In Dick’s story, he described Pre-crime as a system that is designed to intervene, punish or restrict the potential criminal activities before such motifs are carried out and lead to harmful consequences. While it initially was merely a conceptual instrument in Dick’s 1956 sci-fi story, such idea of introducing preventive criminal justice system has been studied to various extents in real life. Mainly advocated by the positivist school of criminology, academia and the practitioners alike focused on the potential roles of a system like Pre-crime in the biological, psychological and sociological profiling (Zedner, 2007;2009;2010;2014).
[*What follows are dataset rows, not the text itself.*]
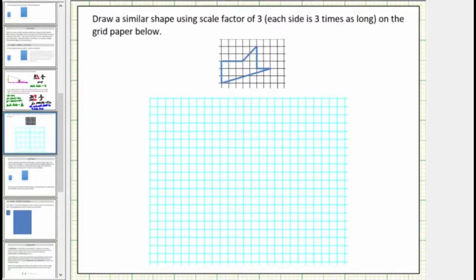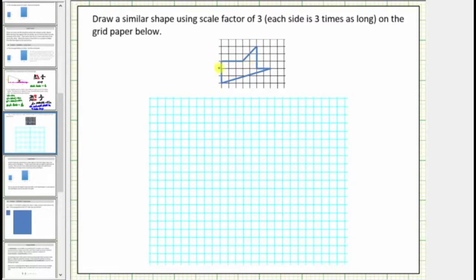We are asked to draw a similar shape using a scale factor of three on the grid paper below. This is the original figure. Because we're using a scale factor of three to sketch the new similar shape, this means all the sides will be three times as long as the lengths of the sides in this figure. Let's begin by labeling some of the lengths of these sides.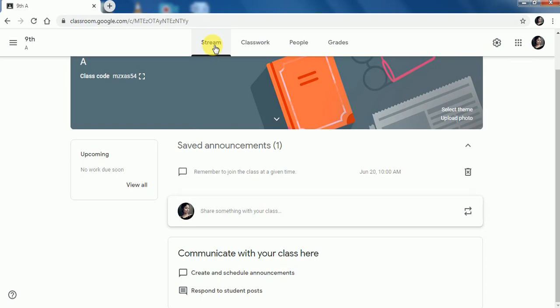I hope this video will be very helpful for beginners to create a class using Google Classroom. Thank you so much for watching this video.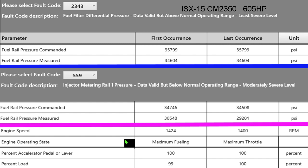So Cummins decided to write fault code 2343 into the calibrations so if that fault came up instead of somebody getting towed in for 559, which could be all kinds of problems fuel pump, rail pop off, actuator, you name it, if it's a 2343 and they read this they're going to go oh let's change fuel filters and truthfully probably half the time in the beginning changing the fuel filter fixed the problem, 559s were gone and you were good to go. That's why that happened.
Most notable examples can be found in the actual developments of crime prediction software. Developed by a professor from the University of Pennsylvania, a crime prediction software program had a trial run in Washington D.C. in order to test the applicability to a nation-wide operation (Economic Times, 2010). IBM’s Crime Reduction Utilizing Statistical History (CRUSH) can be another example. Based on mining years’ worth data of incident reports and law enforcement data, the predictive analytics of IBM’s CRUSH is already yielding positive results (Carr, 2010).

 

It almost sounds too fantastic: crises averted, lives saved, crimes solved before even happening… but at what cost? While some might argue the operations of CRUSH and the likes are too conservative or too ‘reserved’, there is a good reason such ubiquitous application must be hindered – just yet at least. For Minority Report’s level of application to be possible, a total surveillance must be preceded. Not a corner will be allowed for the individuality and personal privacy – No dead angle, not even in your mind.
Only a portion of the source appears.